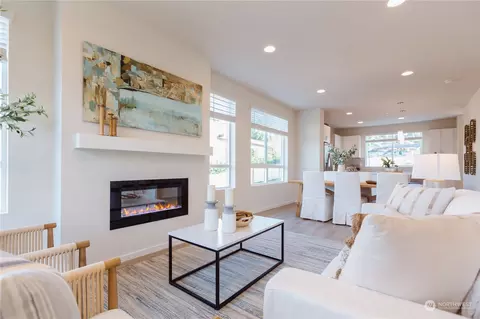 3618 W Mukilteo Blvd #E, Everett, WA 98203 photo 12
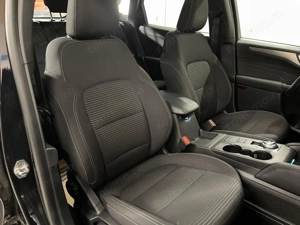 Ford Kuga - imagine 9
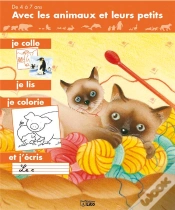 Capa do artigo Le Chat
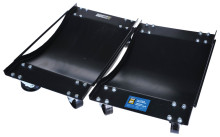 mobile car dolly  wheel dolly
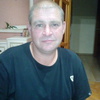 Александр, 43, г.Волгодонск Александр, 43, г.Волгодонск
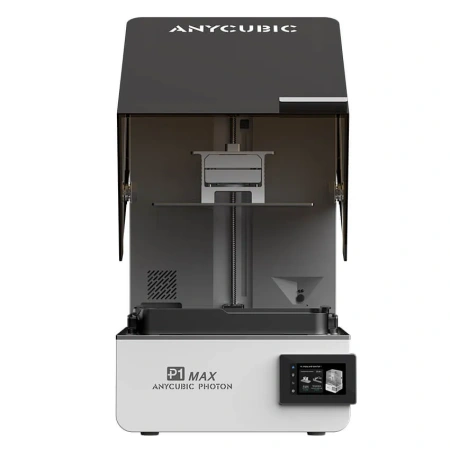 3D-принтер Anycubic Photon P1 Max (арт. )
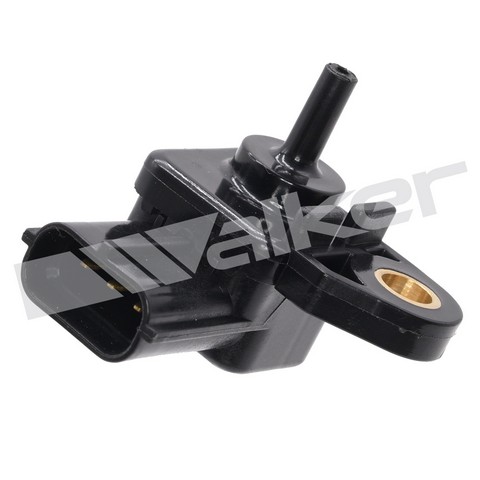 Walker Products Manifold Absolute Pressure Sensor P/N:225-1121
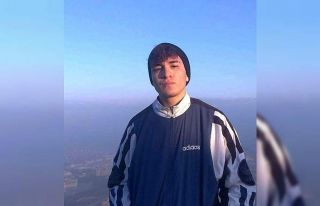 Kütahya’da omuz atma kavgası cinayetle sonuçlandı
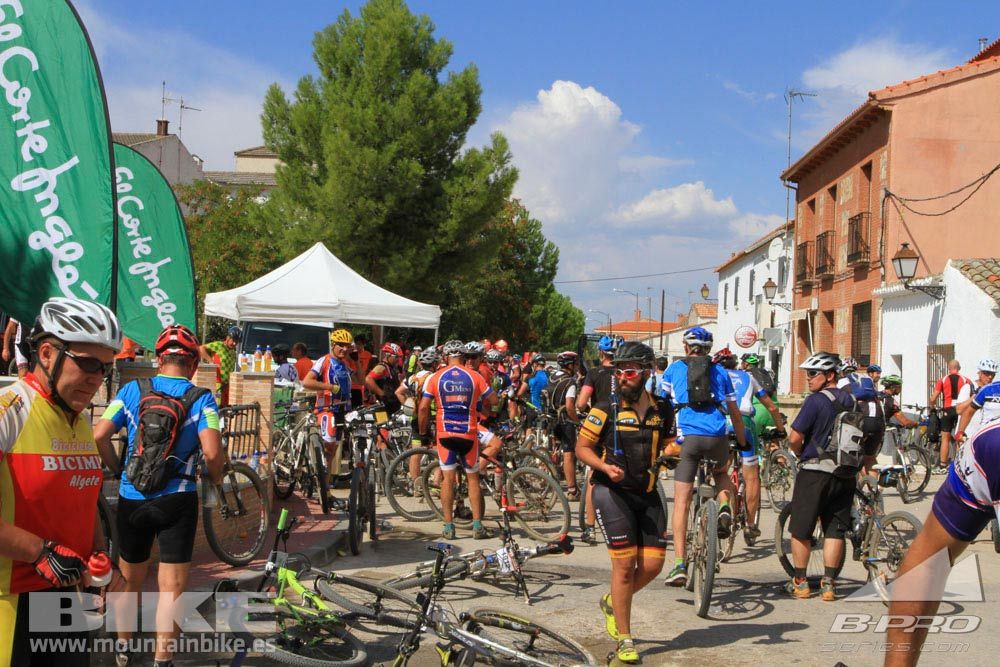 TALAJARA 2015 Galería 26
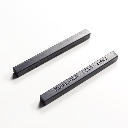 KOH-I-NOOR Gioconda Black Drawing Lead Block 3 Hard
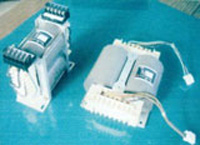 日幸電機(株)製品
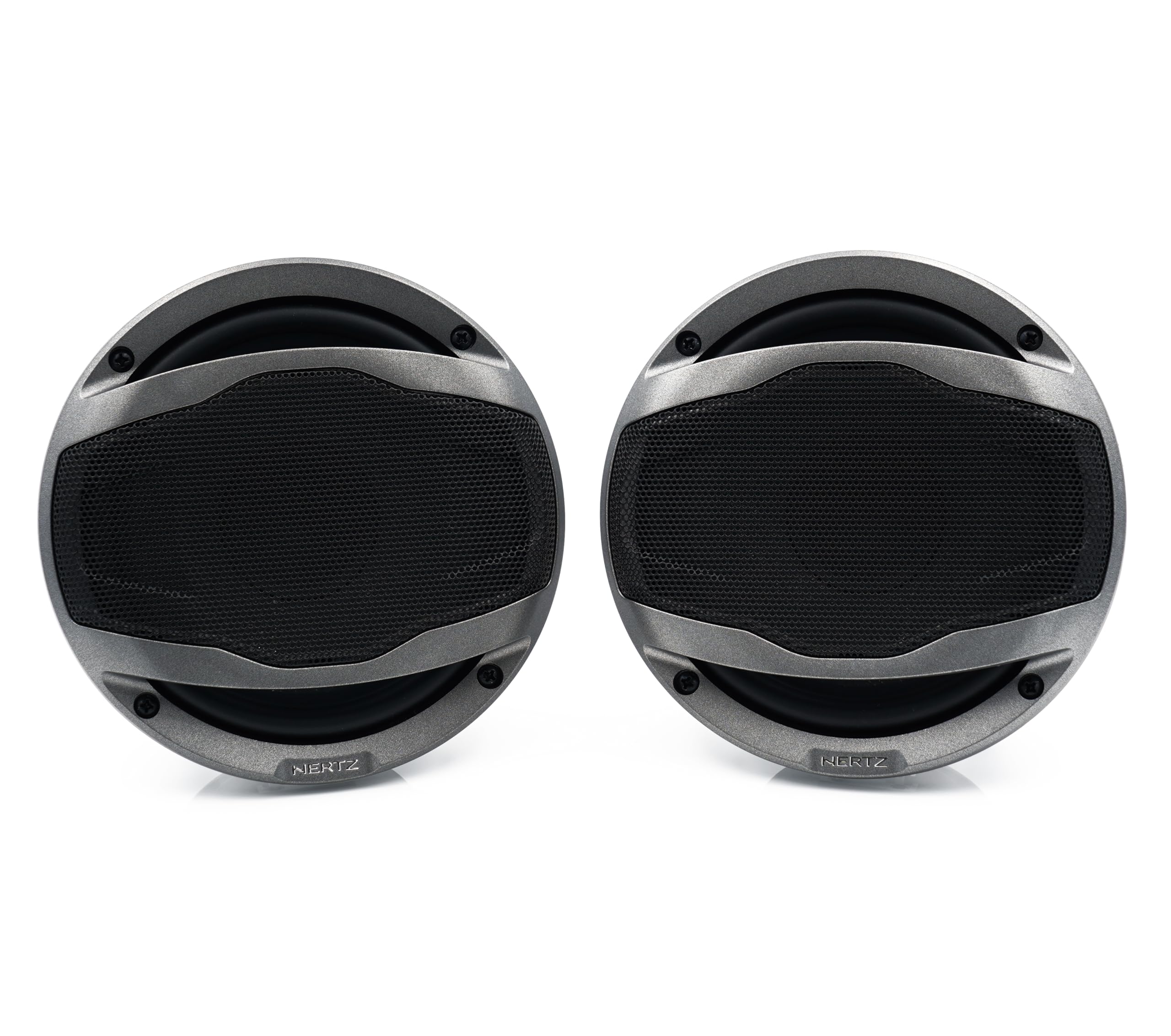 Hertz Cento Series C165 6.5' Woofers   Pair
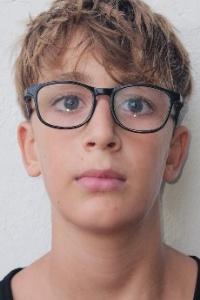 Simon Hoyas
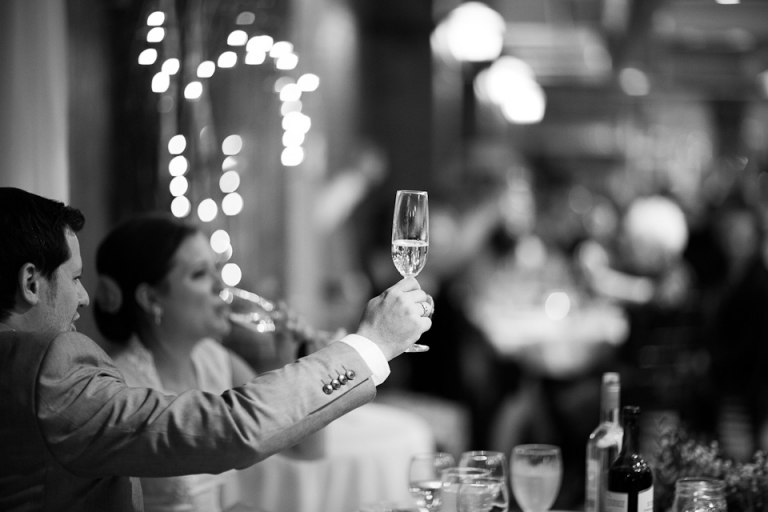 Hotel lafayette wedding photography_77
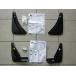 Dodge Challengerץå奬( DS  PS ) ( F  R ) ( 4 ) Mopar OEM ͢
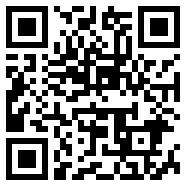 91短视频app下载steam移植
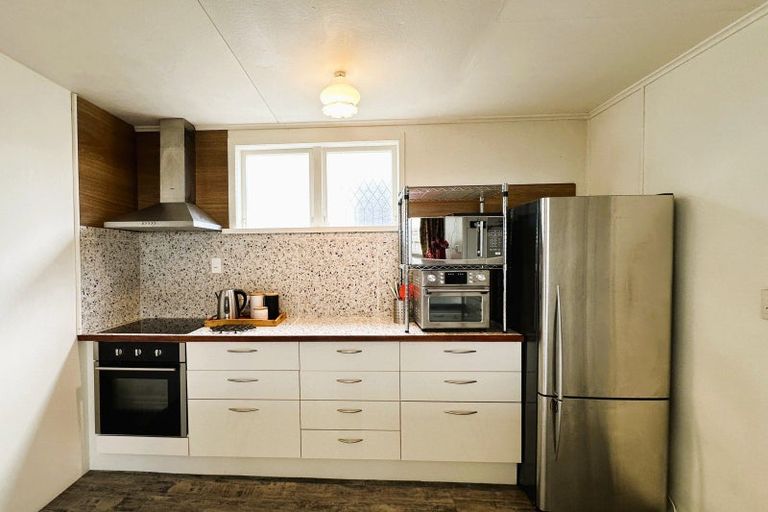 Photo of property in 31 Moa Street, Taihape, 4720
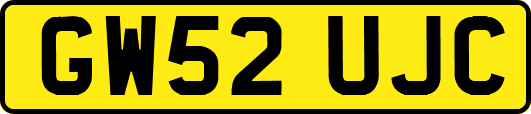 GW52UJC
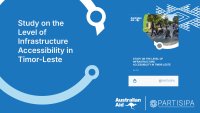 PARTISIPA-Website-Resource_Infrastructure-accessibility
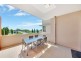 205/35 LORD STREET, Gladstone QLD 4680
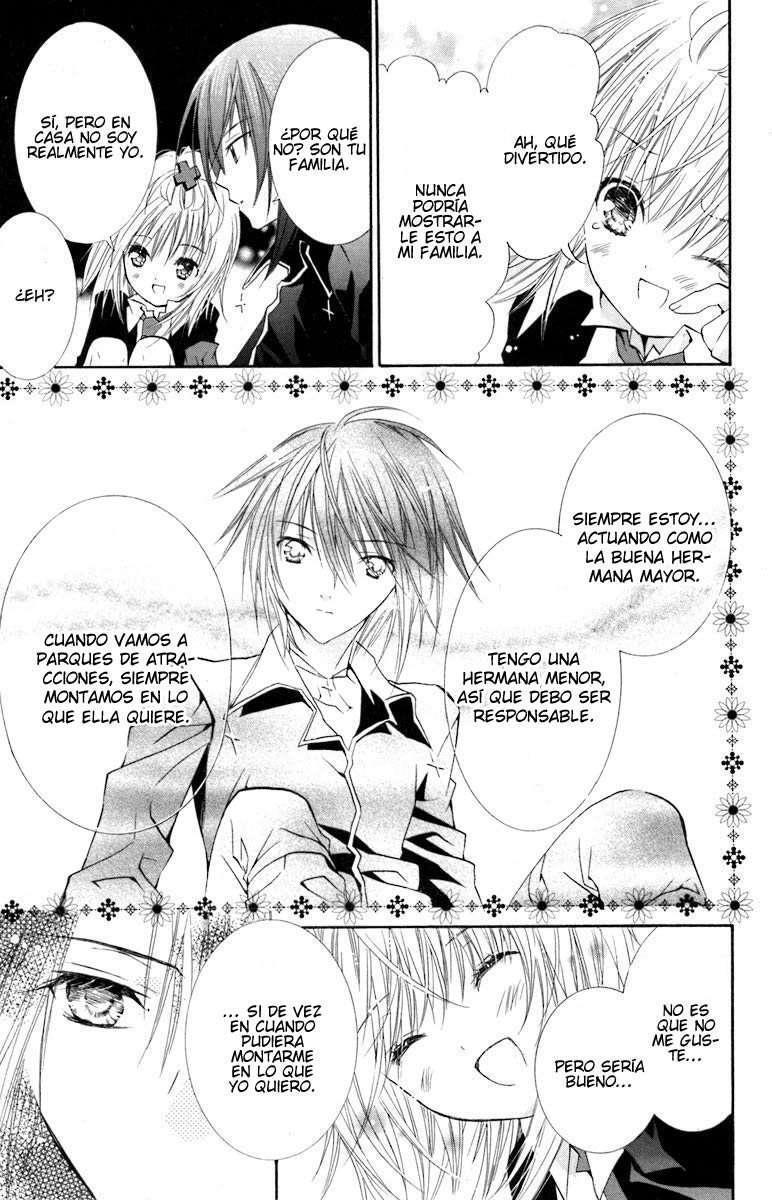 Capitulo 14 page 25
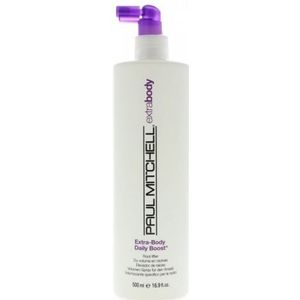 Paul Mitchell Extra-Body Daily Boost 500ml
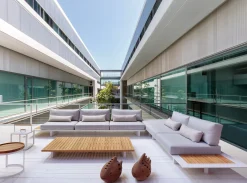MODELO VESTA Sofás|Sofás Y Sillones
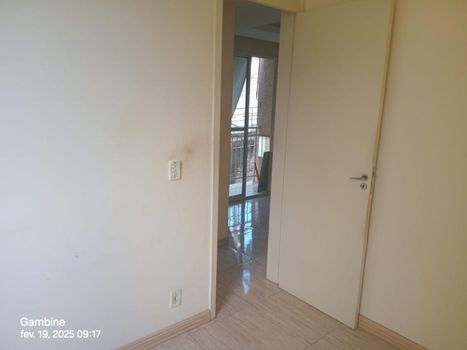 Foto 17 do(a) Apartamento de 3 quartos à venda em Parada de Lucas, Rio de Janeiro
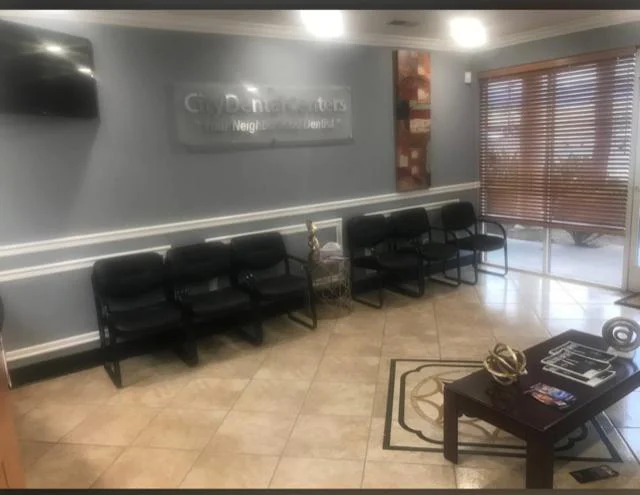 City Dental Centers - Dentist in CoronaCA Picture 5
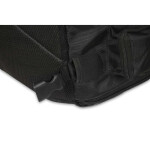 Tréningová taška 3 v 1 - Batoh + taška - PREMIUM DBX-SB-21 NEPLATÍ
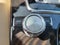 2016 Mercedes-Benz SLK SLK 300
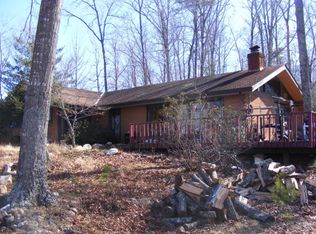 641 Stillwater Ln, Stuart, VA 24171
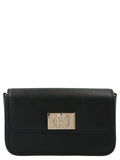 Furla 1927 Mini Shoulder Bag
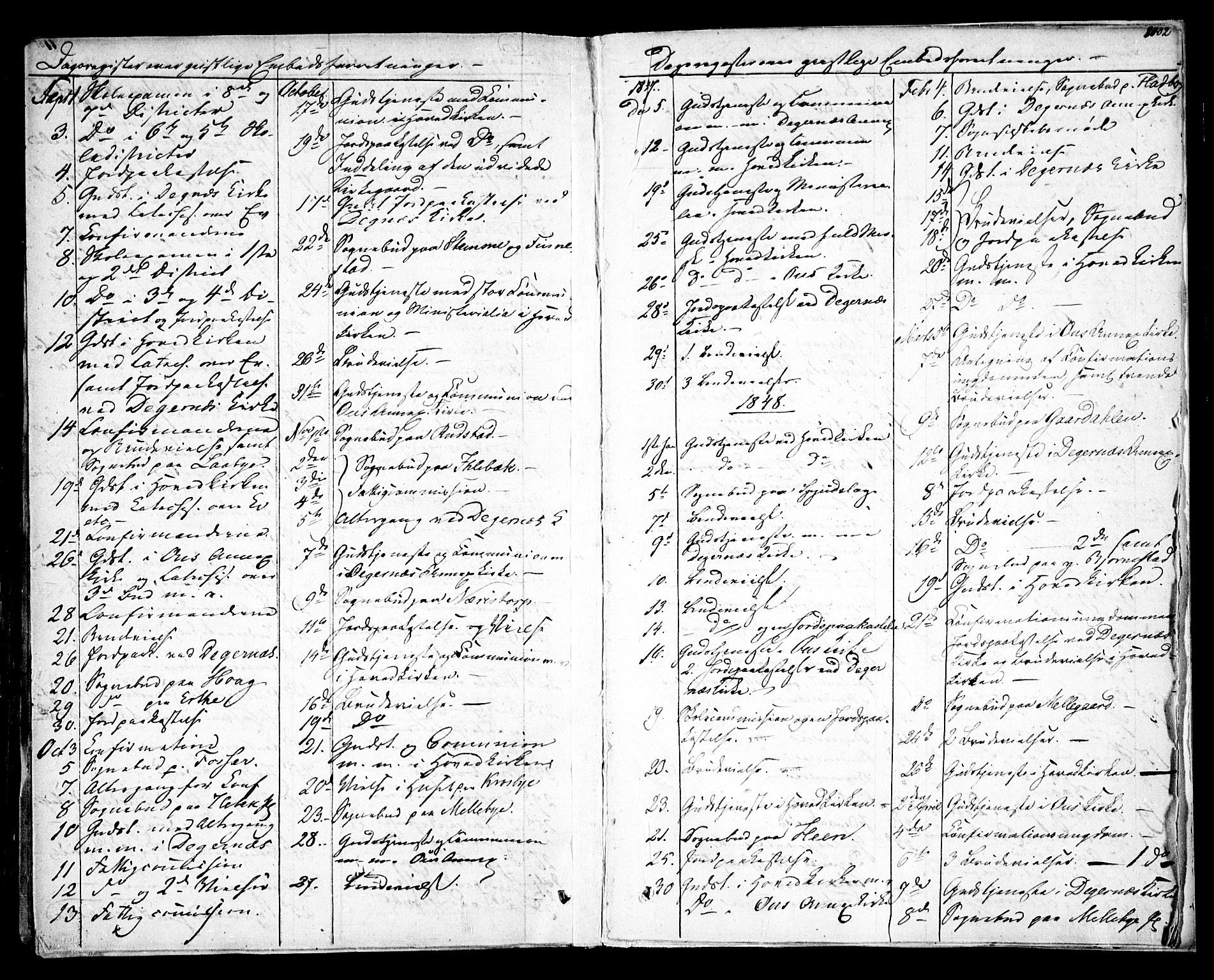 Rakkestad prestekontor Kirkebøker, AV/SAO-A-2008/F/Fa/L0008: Parish register (official) no. I 8, 1842-1849, p. 1102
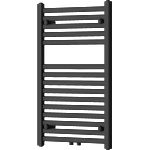 Mexen Hades 800x500 mm 386W black (W104-0800-500-00-70)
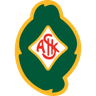 Skovde AIK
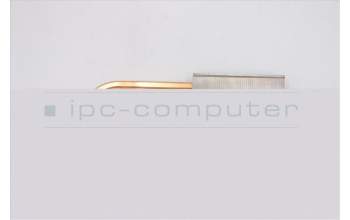 Lenovo 5H40U92982 HEATSINK FRU I CMLS UMA TM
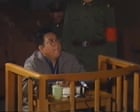 Rare footage from trial of Chinese general who defied Tiananmen crackdown order leaked online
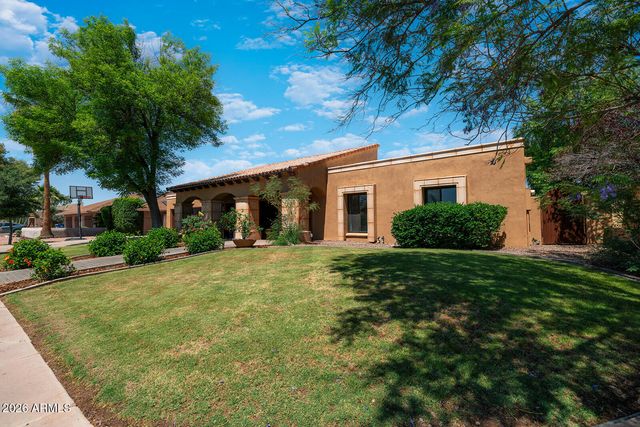 1956 E CARMEN Street, Tempe, AZ 85283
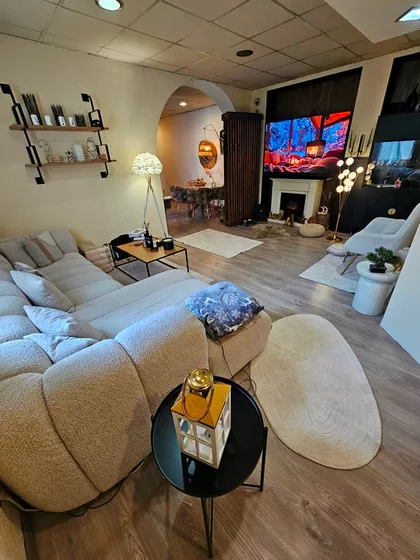 Bulevar Kralja Aleksandra | 4zida.rs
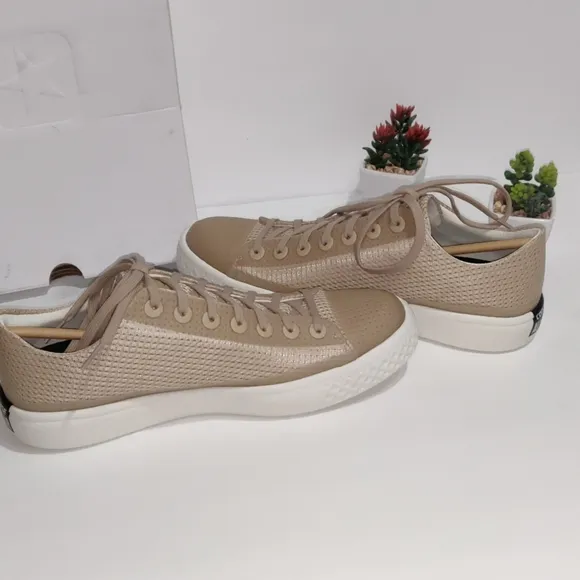 Converse CTAS modern ox vintage unisex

★ ★ ★ ★ ★

◆ What is expected ◆
Write out again, word for word, the lines from the one holding "City Dental Centers" through the final line of the listing, including both ends but no pictures.

◆ Result of this exercise ◆
 City Dental Centers - Dentist in CoronaCA Picture 5
 Tréningová taška 3 v 1 - Batoh + taška - PREMIUM DBX-SB-21 NEPLATÍ
 2016 Mercedes-Benz SLK SLK 300
 641 Stillwater Ln, Stuart, VA 24171
 Furla 1927 Mini Shoulder Bag
 Rakkestad prestekontor Kirkebøker, AV/SAO-A-2008/F/Fa/L0008: Parish register (official) no. I 8, 1842-1849, p. 1102
 Mexen Hades 800x500 mm 386W black (W104-0800-500-00-70)
 Skovde AIK
 Lenovo 5H40U92982 HEATSINK FRU I CMLS UMA TM
 Rare footage from trial of Chinese general who defied Tiananmen crackdown order leaked online
 1956 E CARMEN Street, Tempe, AZ 85283
 Bulevar Kralja Aleksandra | 4zida.rs
 Converse CTAS modern ox vintage unisex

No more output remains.